If you’d asked me a few months ago, what was the plastic thing that I couldn’t give up. Without pause I would have said crisps.

So learning that I could now get crisps in home compostable packaging was like being told I’d won the raffle (I did originally type the lottery, but maybe that’s pushing things).

To the best of my knowledge, Two Farmers Crisps are the only compostable packs out there, but surely it’s only a matter of time before others catch on. (Hurry up Hula Hoops.) They are not cheap. But they are delicious.

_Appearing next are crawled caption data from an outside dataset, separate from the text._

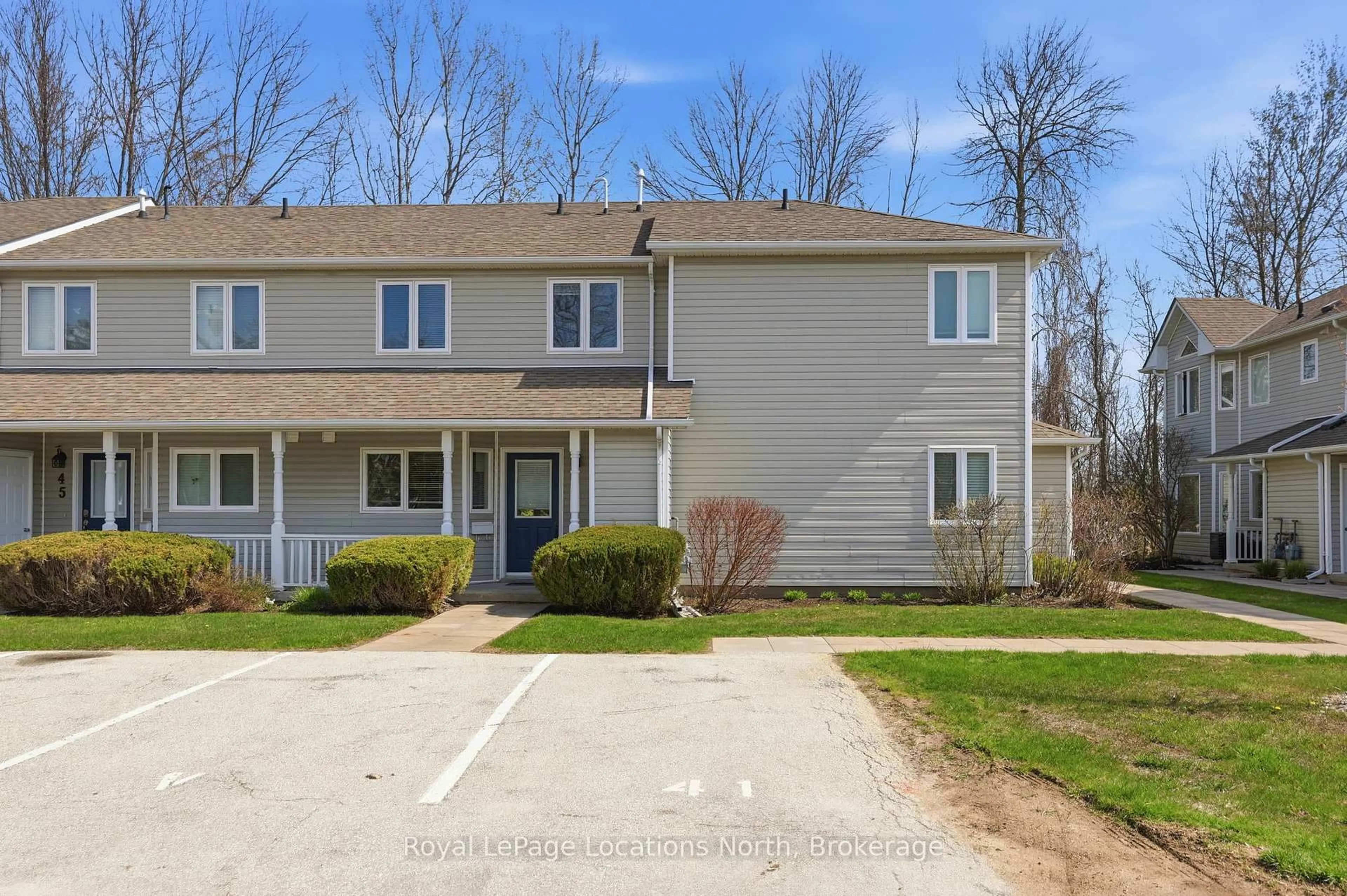 A pic from outside/outdoor area/front of a property/back of a property/a pic from drone, street for 43 SUNDIAL Crt, Collingwood Ontario L9Y 5E5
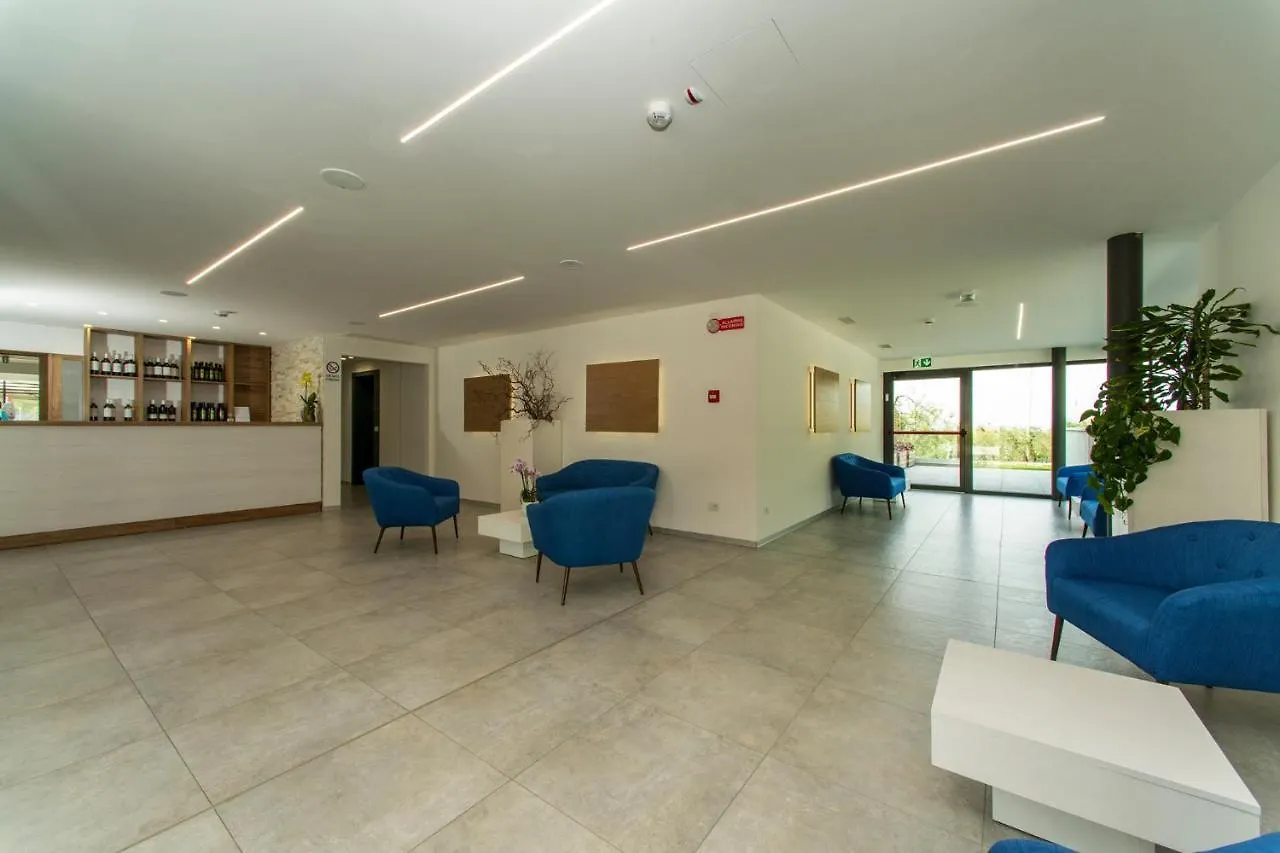Residence Malcesine-Active&Family 4*, Мальчезине Италия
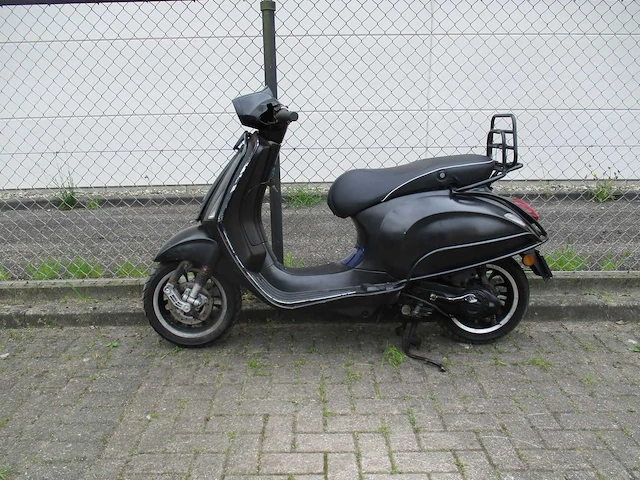 Vespa - bromscooter - sprint 4t - scooter - afbeelding 1 van  12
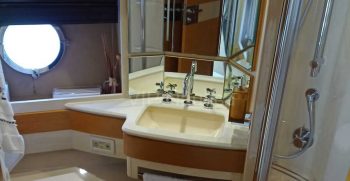 Azimut 70 (13)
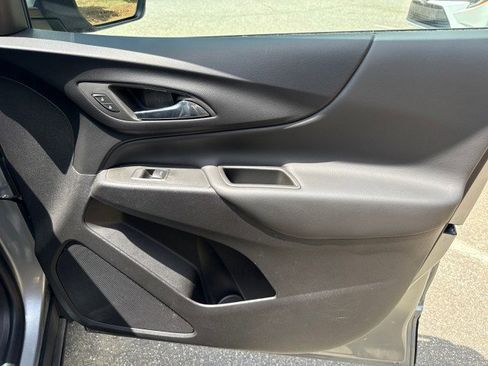 Used 2024 Chevrolet Equinox LT FWD image 41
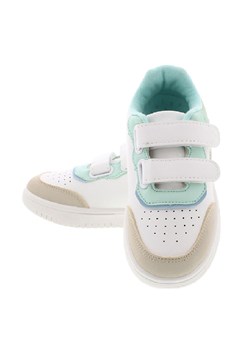 Białe buty sportowe dla chłopca na rzep ze sklepu 5.10.15 w kategorii Buty sportowe dziecięce - zdjęcie 169699371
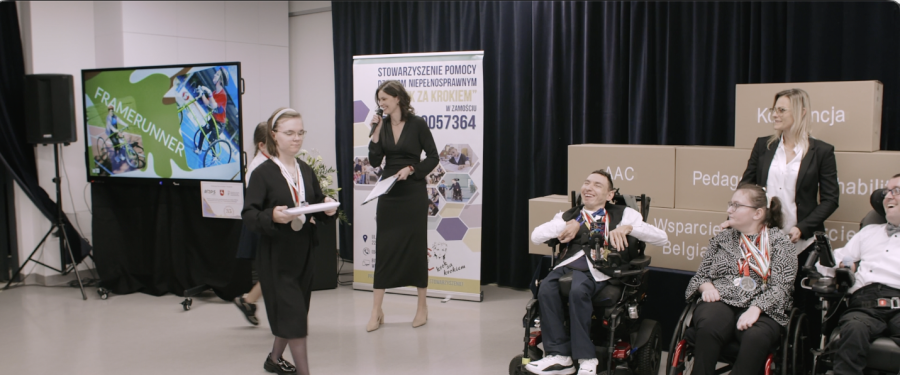 premiera filmu „Krok za krokiem” do sukcesu!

One to file under buy-less-buy-better, perhaps.



Well, this is good.

Snact are taking on two issues with these little bags of fruit ‘jerky’ (a bit like fruit wind-ups / Yo-Yo Bears).

Firstly, they are made from wonky produce, rejected by supermarkets, to help tackle the criminal amount of food waste in the UK.

And secondly, the packaging is 100% home compostable (the word ‘home’ is key - a lot of compostable bio-plastics only break-down in industrial composting facilities, which renders them pointless if you don’t have your food waste collected).

You can get the fruit jerky, and fruit and seed bars, online from Amazon, Ocado and various IRL shops.



I mean, what could be easier?

You’ll find plain popping corn almost everywhere, then all you need is a saucepan. Even if you buy a bag of kernals in plastic bag, the amount of popcorn you’ll be able to make, means it’s still a very low-plastic option.

It’s easy to find in unpackaged in bulk stores, if you’re lucky enough to have one nearby, or, order it plastic-free from Zero Waste Club or Plastic Free Pantry.

If salty or sweet feels a bit boring to you, Pinterest is overflowing with ways to jazz it up. Or next level, use it as the base to make these rather delicious looking rocky-road bars.

My kids are totally happy to be sent off to school with this as their after school ‘club day’ snacks, even if they do look like 1970’s throw-backs (it’s the brown paper bags that do it).



Maybe it’s just a me thing, but decanting things into smaller pots immediately makes them better.

We are really lucky - we have a BYO bulk shop nearby that has loads of things that make great snacks. There are the obvious ones like nuts and dried fruit, but we’re totally spoilt, with things like wasabi peas, salt and vinegar fava beans (sound weird, taste amazing) chocolate buttons and japanese rice crackers.

You can also get this type of thing (and loads of other store-cupboard essentials) delivered by The Plastic Free Pantry.

Failing that, just buy your usual things in as big a bags as you can find/store. Bigger bags always means less plastic versus single serving anything.


bakery treats

I’m a newly recruited uber-fan of the pockets of independent food shops and street markets I have near me.

A mooch along Lordship Lane in East Dulwich can pretty much sort my weekly shop, with minimal dodgy packaging. And a dangerous ten minute stroll from home takes me to The Dulwich Bakery, home of piles of these enormous ring donuts. It’s lucky I’m vegan, or this would be A Problem.

My roundabout point is there are lots of packaging free treats to be found when you simply avoid the supermarket and explore the littler shops you probably have nearby.

Just remember to keep a cloth produce bag with you for sprinkle covered ‘emergencies’.